The problem in this dataset is that I have the timestamps for each action, but some of the actions are missing their session id. What I want to do is the following: for each player, I want to give an id label for the missing values, based on the timeline. The actions missing their id can be labeled if they fall within the temporal range (first action - last action) of a certain session.
Ok, so here I have my missing values:
df.loc[df.id.isnull(),'date']
0 2018-01-01 00:17:01
1 2018-01-01 00:17:05
5 2018-01-01 00:22:07
15 2018-02-01 00:55:15
19 2018-03-01 01:00:35
Please note that I have the player code for each one of them: what I miss is just the sessioncode. So, I want to compare the timestamp of each missing value with the sessioncode timestamp of the corresponding players.

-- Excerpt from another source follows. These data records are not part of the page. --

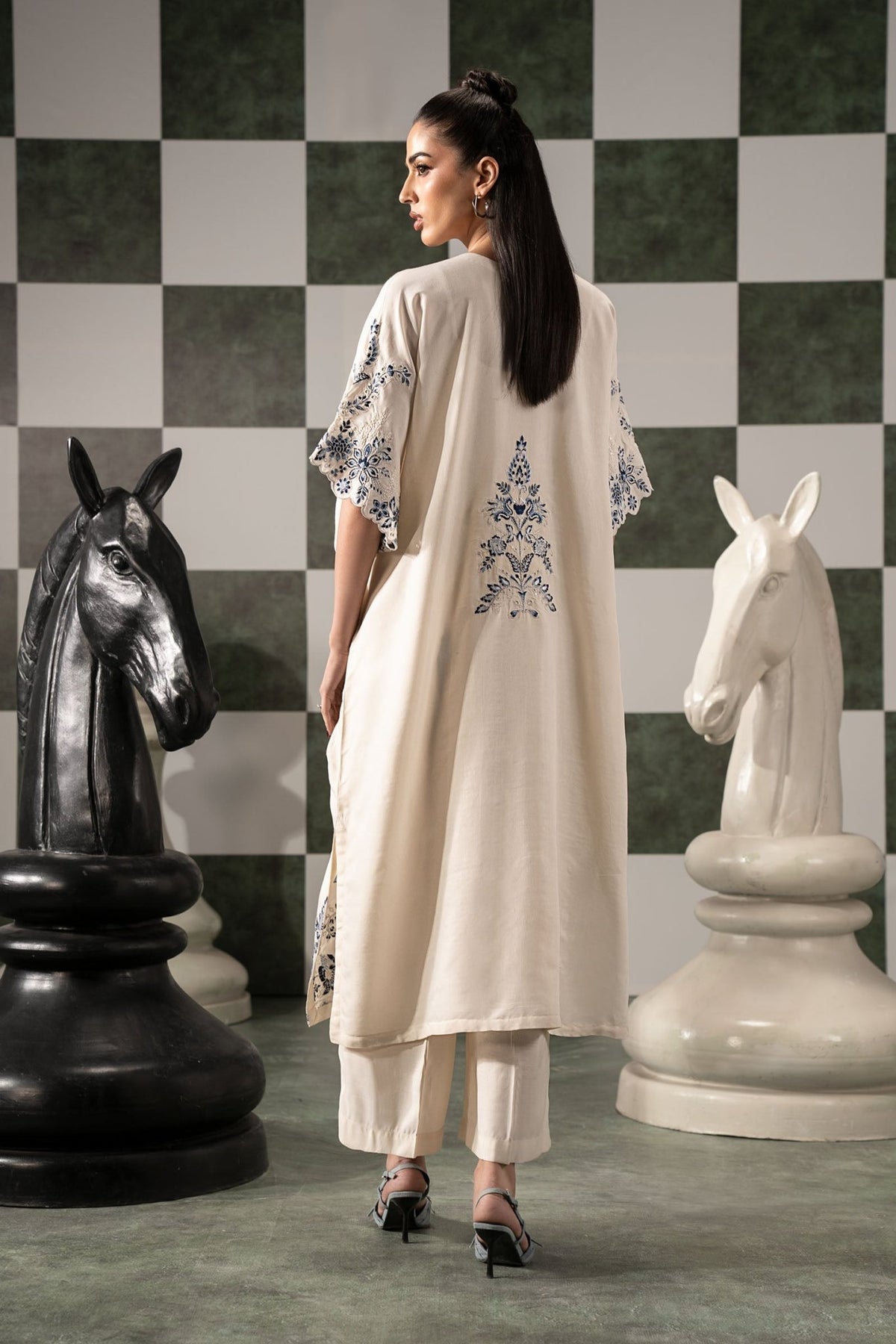 Maria B | RTW | 2 Piece Embroidered Raw Silk Suit-Brand:Maria B-Type:Luxury Pret-White - House of Maryam- Buy in UK, USA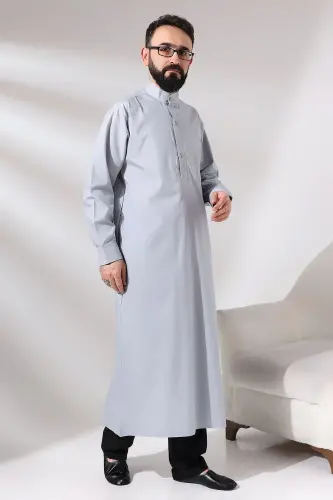 Man Gray Poplar Hajj and Umrah Outfit Long Drape Dagron Fabric Dress - 3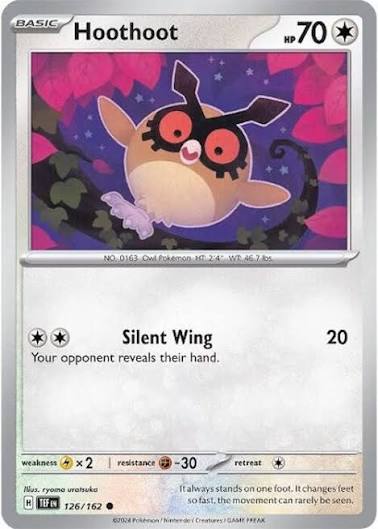 Hoothoot (126/162) - SV: Temporal Forces (Single Card)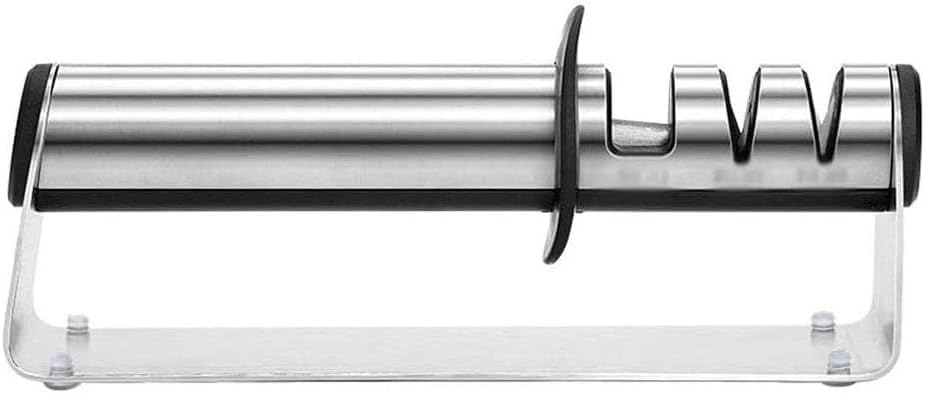 Knife Sharpener, Professional 3 Stage Manual Kitchen Chefs Knife Sharpener with Non-Slip Suction Cup Helps Repair, Restore and Polish Blades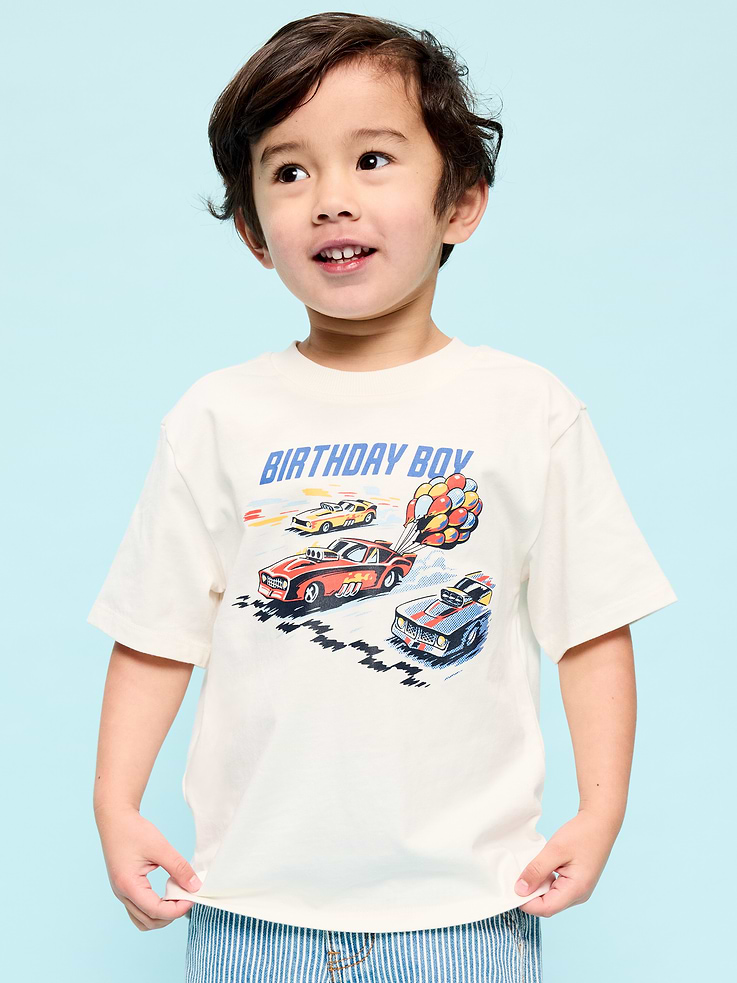Image 1 of 3, crew neck, short sleeves, drop shoulders, birthday graphic at front, Product #885735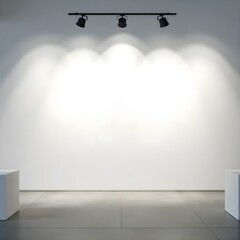 An empty art gallery with white walls, a gray concrete floor, and track lighting with five spotlights , two white plinths on the sides 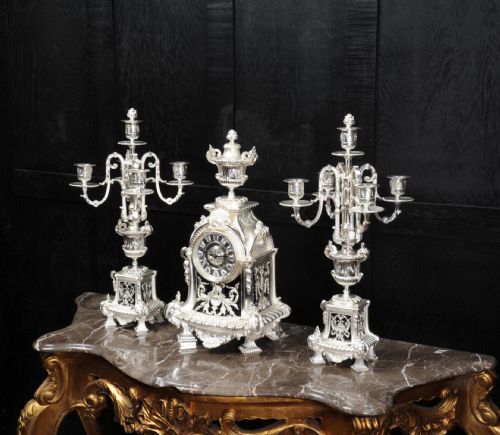 fig 2. Spectacular Silver Clock Set by Samuel Marti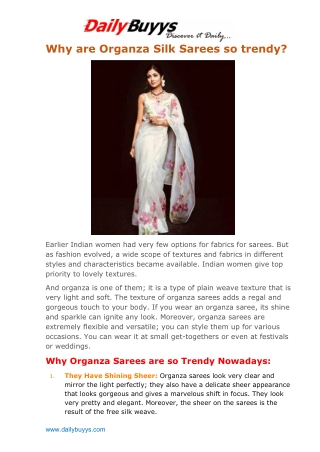 Why are Organza Silk Sarees so trendy?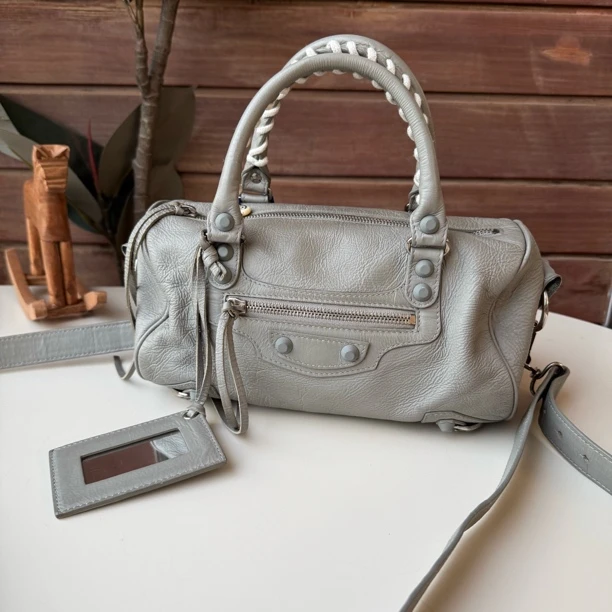95新 Balenciaga/巴黎世家 灰色机车小号twiggy油蜡皮单肩包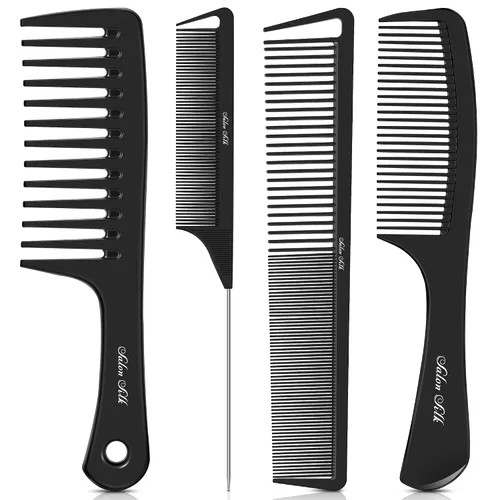 Vista 12 de Juego de peines profesionales SalonSilk para cabello natural rizado negro para damas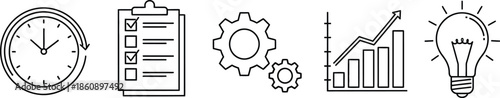 Five outline business icons vector illustration set for productivity and strategy concepts isolated on white background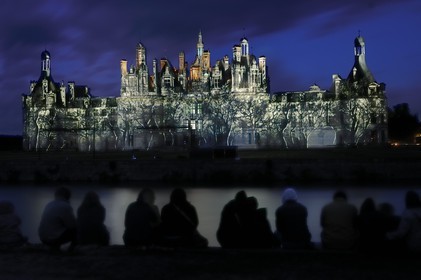 France, Loir et Cher (41), Vallée de la Loire classée Patrimoine Mondial de l' UNESCO, château de Chambord, son et lumière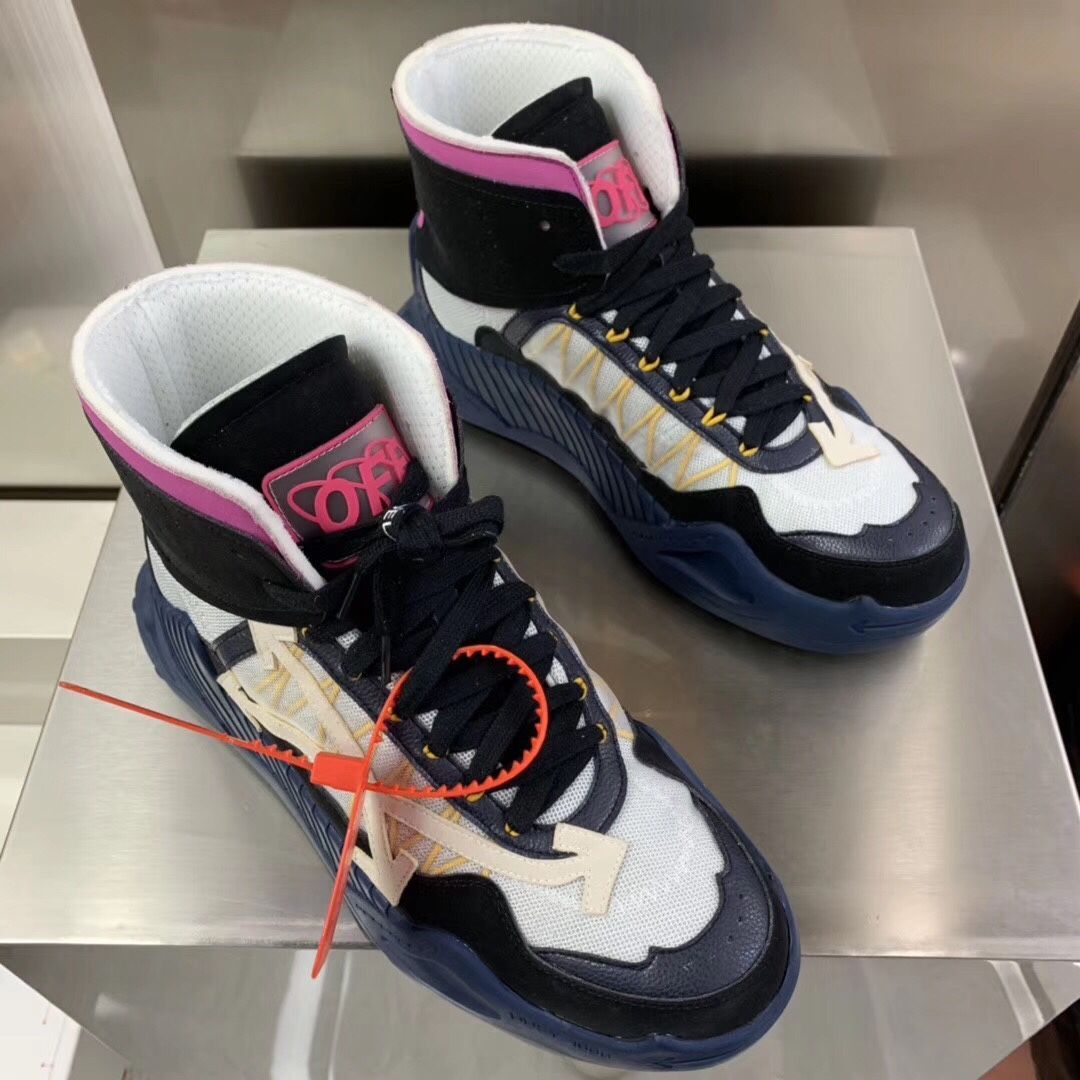 Off Wite Sneakers Blue Sole High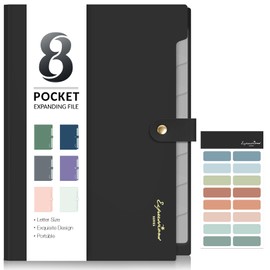 Sooez Elegant Accordion File Organizer with Labels, 8 Pocket Expanding File Folder, Portable Folders for Documents, Cute Paper Organizer for School Office Supplies, Letter Size, Black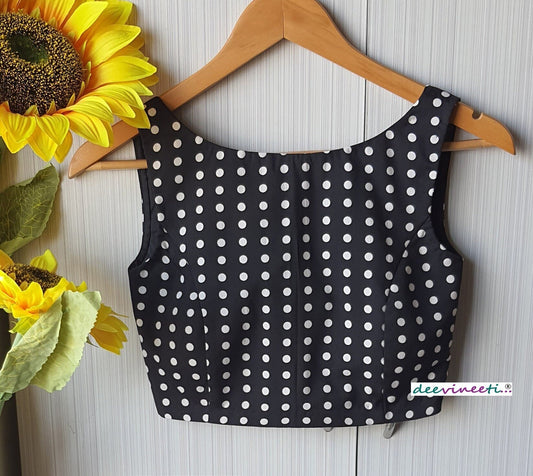 Black Polka Printed Boat Neck Blouse DVBL_083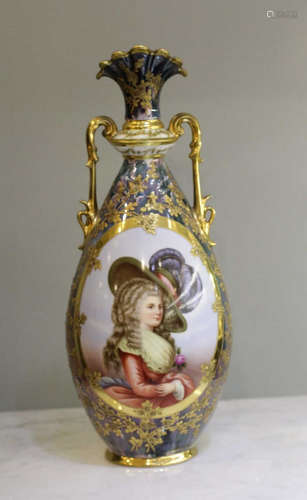 German Porcelain Vase, 19th C.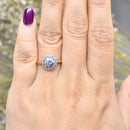 Vintage Diamond 18ct Yellow Gold Daisy Halo Engagement Ring (0.31ct)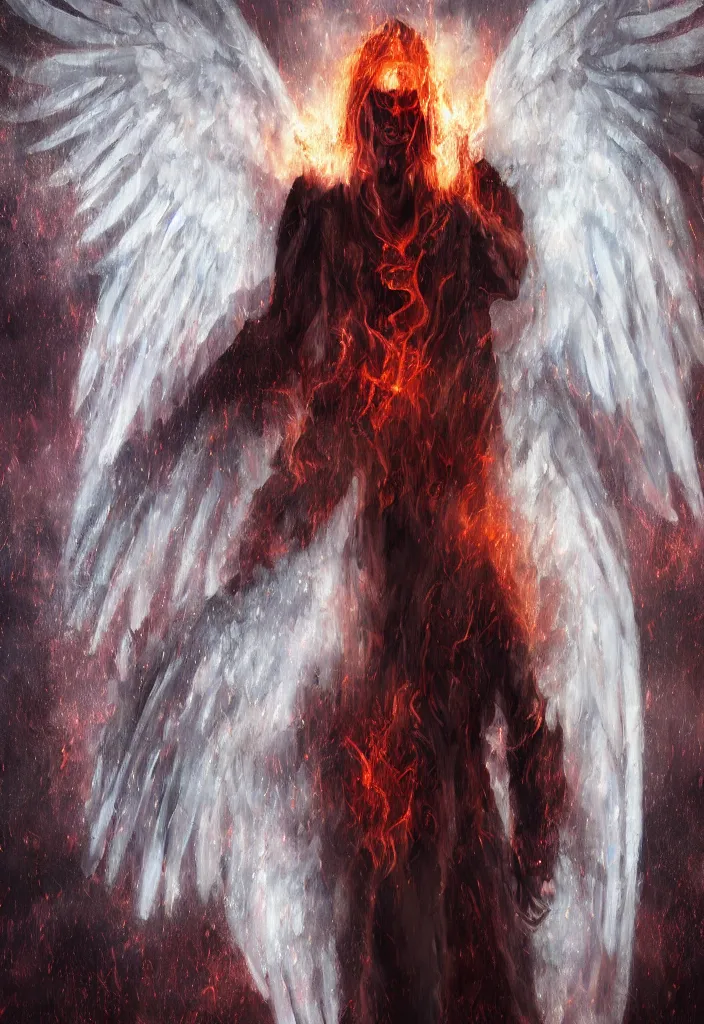 Prompt: a portrait of a gigantic angel as a demon in a fiery hell, eerie, dark, magical, fantasy,, digital art.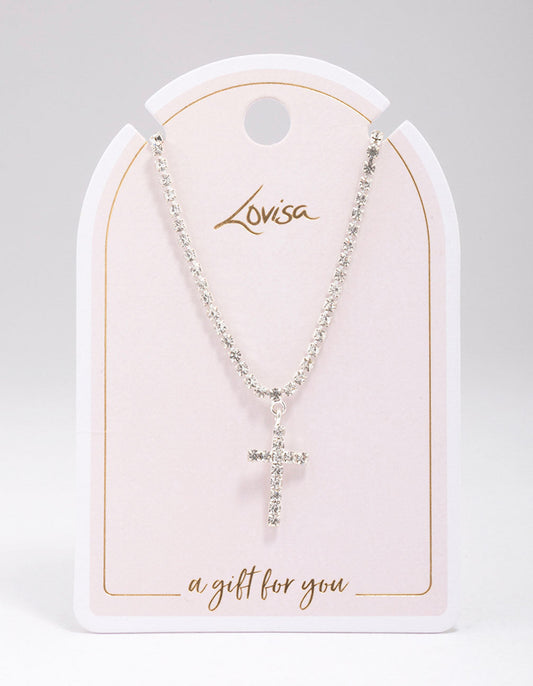 Silver Cup Chain Cross Pendant Necklace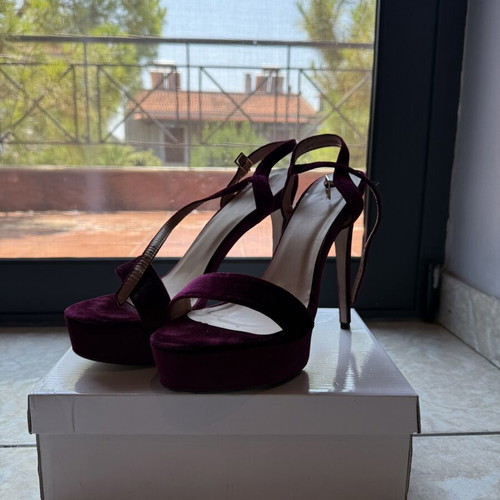 Sued high heel sandals 14cm used, red and purple, Ideal Shoes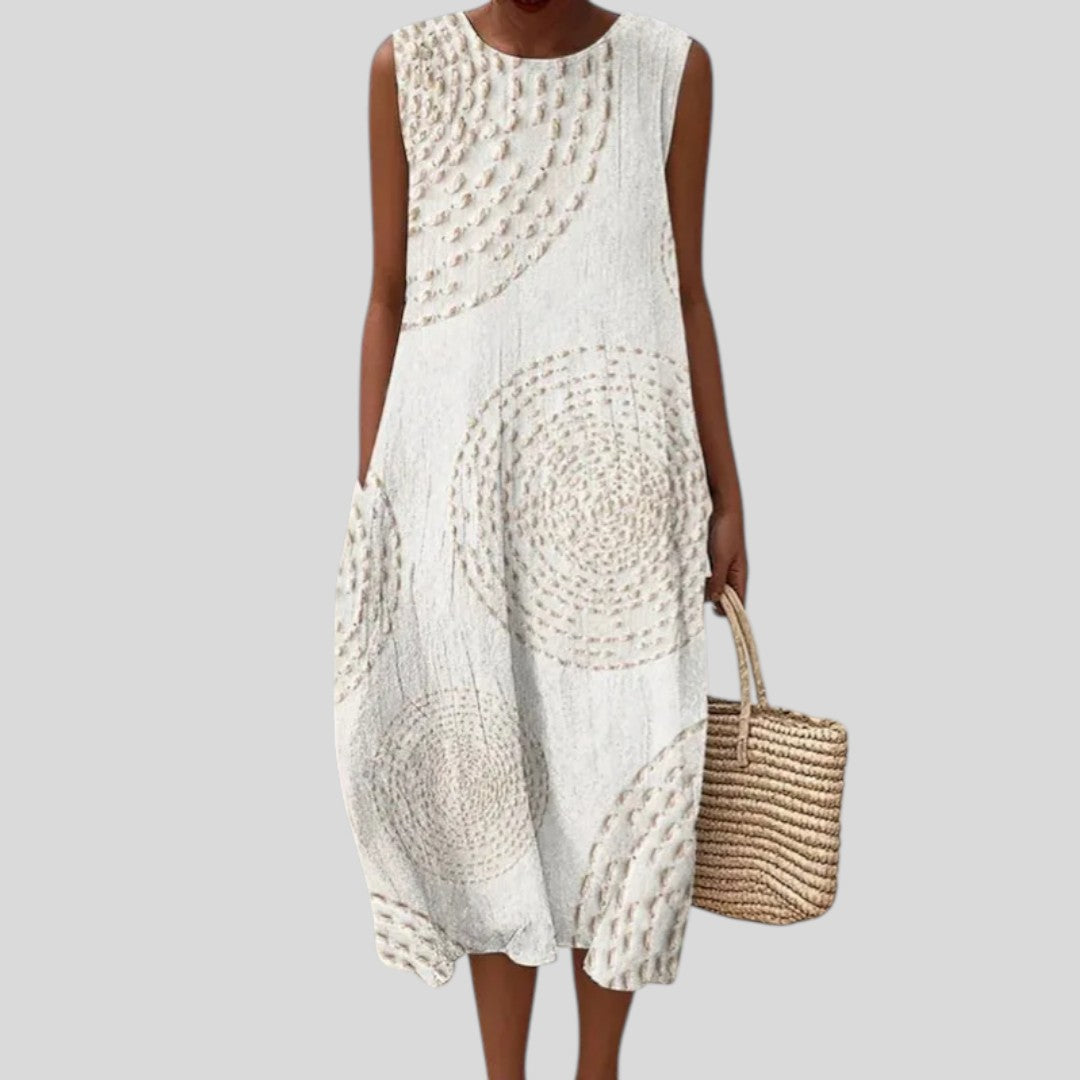 Stella | Sleeveless Embroidered Cotton Dress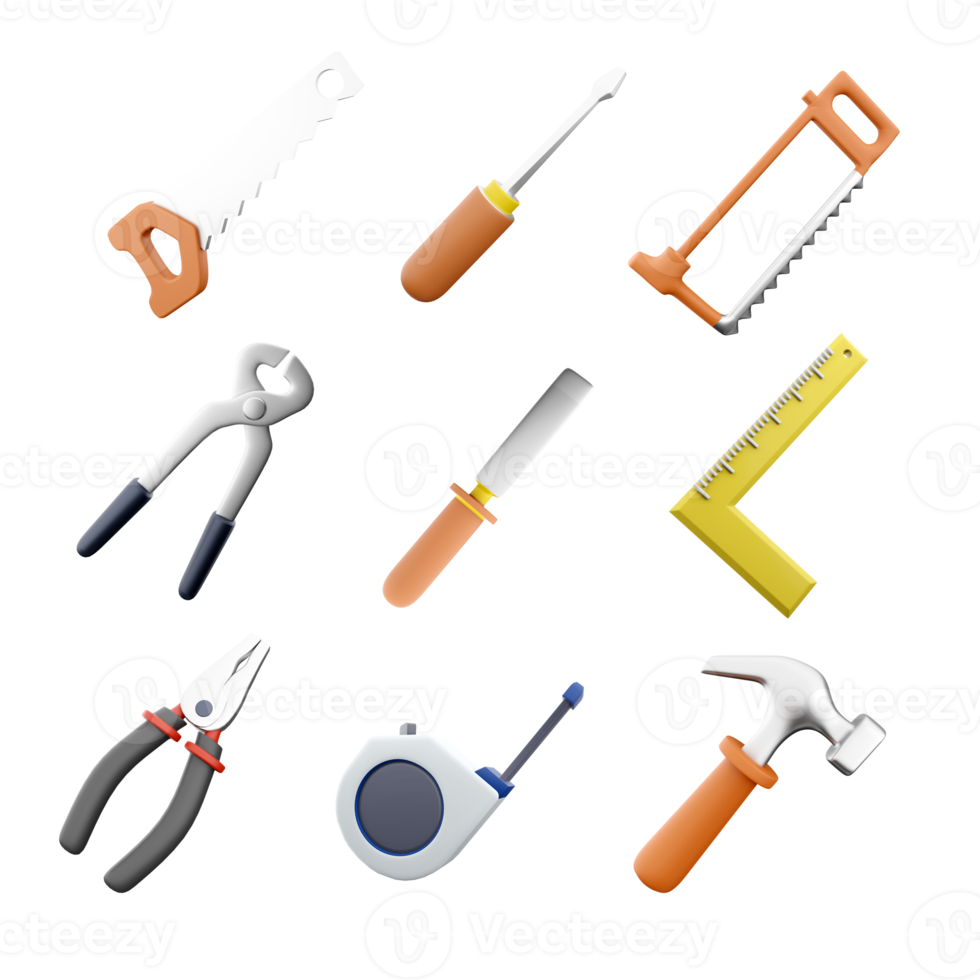 3d rendering hand saw, chisel, hacksaw, construction tongs, screwdriver, iron ruler with angle bar, pliers, measuring tape tool, hammer icon set. 3d render construction concept icon set. png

I was thinking of computing with a groupby the first and last action for each session, for each player (but I do not know if it is the best approach).
my_agg = df.groupby(['player', 'id']).date.agg([min, max])
my_agg
min max
player id
1 a 2018-01-01 00:19:05 2018-01-01 00:21:07
b 2018-01-01 00:22:09 2018-01-01 00:25:09
c 2018-01-01 00:25:11 2018-01-01 00:30:35
2 d 2018-02-01 00:31:16 2018-02-01 00:35:22
e 2018-02-01 00:38:16 2018-02-01 00:38:20
3 f 2018-01-03 00:55:22 2018-03-01 01:20:16
g 2018-01-03 00:58:21 2018-03-01 01:31:16
Then I would like to match the Nan by player id, and compare the timestamps of each missing values with the range of each session for that player.
In the dataset I try to illustrate three possible scenarios I am interested in:
the action occurred between the first and last date of a certain session. In this case I would like to fill the missing value with the id of that session, as it clearly belongs to that session. Row 5 of the dataset should therefore be labeled as 'b', as it occurs within the range of b.
I would mark as '0' the session where the action occurred outside the range of any session - for example the first two Nans and row 15.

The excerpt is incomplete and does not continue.